Paul Wall: "I'm the man with the plan and them rocks on my hand
In the Cadillac, sittin on Vogues
Out the bopper so heavy, but the haters mad at me
When I come around the corner so throwed
I'm the shit where I'm from in the land of Screw
A go-getter chasin after bankrolls
If you're hatin don't try it cause I'm waitin so quiet
A player stay up on his toes"

Vinnie Paz: "I'm nice with the ox, you get cut like the raw white
Or hit you with a fuckin silver bullet like Coors Light
I can tell a snitch if he don't walk through the door right
I can tell a snitch if he don't handle the four right
The fifth levitate your body, the God's hype
Flatline, long dark tunnel, then it's all light
I'ma ride dirty, so motherfucker, forget the law
Kicking wings, shrimp fried frice from the liquor store"

If you're familiar with any of the JMT catalogue classics like "A History of Violence" and "Visions of Gandhi" you should understand where Paz is coming from on the MTK produced "Ain't Shit Changed." Previously the two things that never changed about Jedi Mind Tricks were the superb production of Stoupe the Enemy of Mankind and the off-and-on membership of Jus Allah in the group. All that releasing "Season of the Assassin" under his own name enabled Vinnie Paz to do is work with a variety of producers and some guest rappers you would never expect on a JMT album, but that ain't changed shit about how sadistic and pissed off he is lyrically.

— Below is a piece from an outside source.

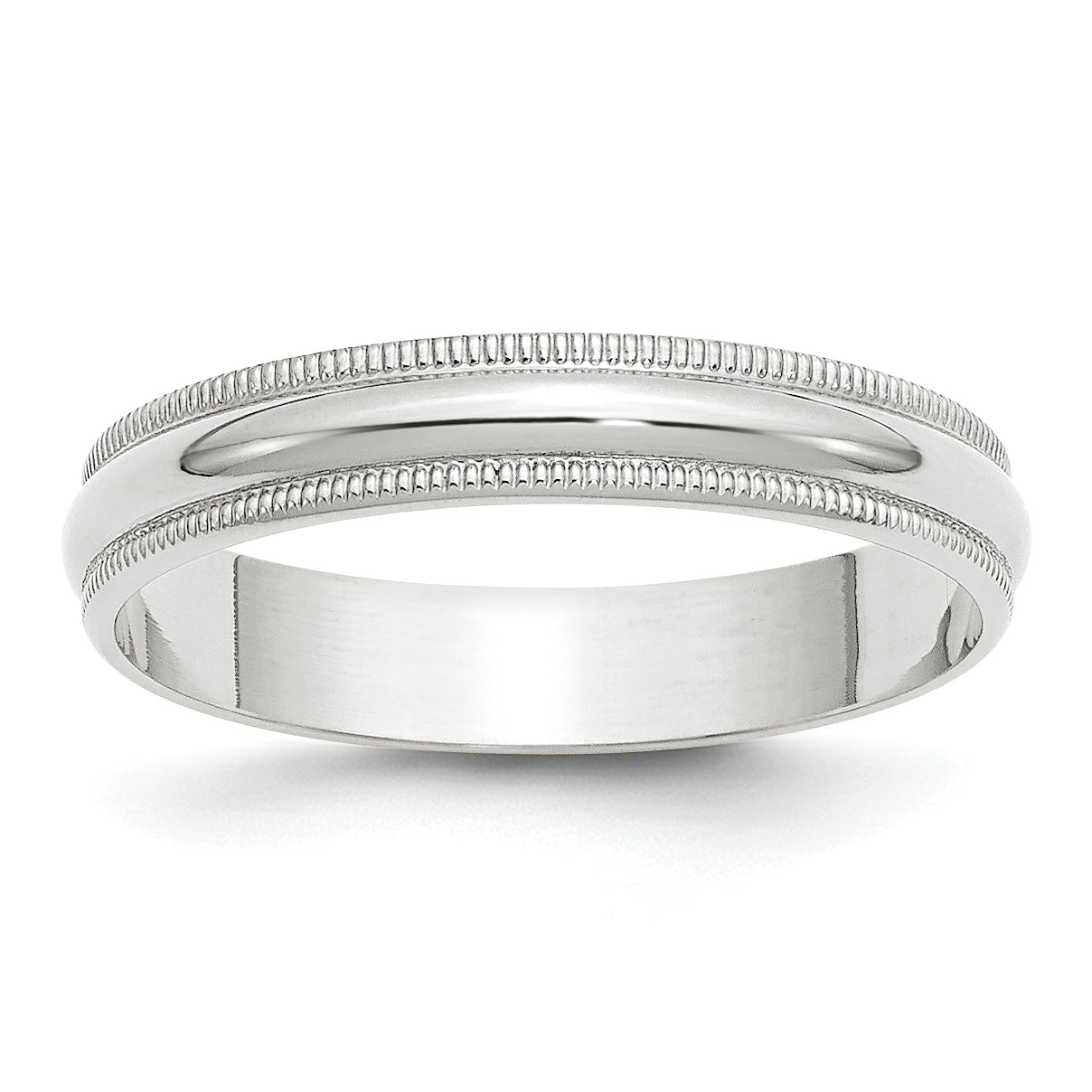 14k White Gold 4mm Lightweight Milgrain Half Round Wedding Band Ring Size 7.5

Even songs like the Madlib produced "Aristotle's Dilemma" might sound beautiful as an instrumental, but as soon as Paz grimes it up by saying "Vinnie put the flame to your grill/You claim to be real, but y'all just end up painfully killed" it gets as dark as any Jedi Mind Tricks album has ever been. To sum it up if you've liked anything Paz has done before now to date "Season of the Assassin" will be right up your alley, and if he's just too savage and guttural for your taste nothing here will change your opinion. This is uncut unfiltered malice.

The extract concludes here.